About this task. Pictures stay out; print the rest of the listing below exactly as it stands.

Supplied material.
_____

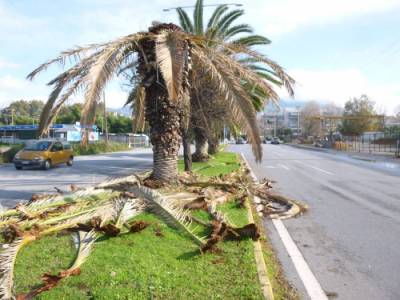 Προσπάθεια διάσωσης των φοινίκων στην Καλαμάτα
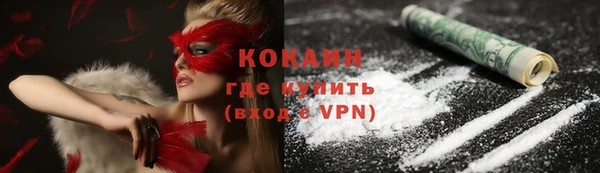 индика Горняк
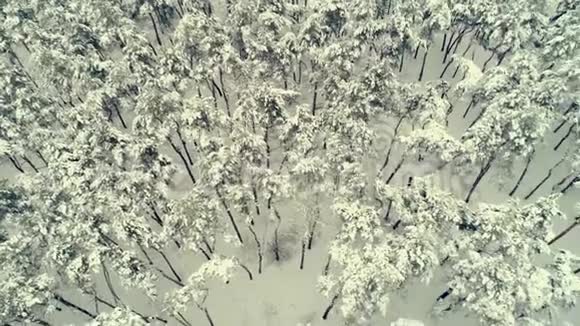 沿冬林航天观景视频的预览图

_____

Response to this exercise.
 Προσπάθεια διάσωσης των φοινίκων στην Καλαμάτα
 индика Горняк
 沿冬林航天观景视频的预览图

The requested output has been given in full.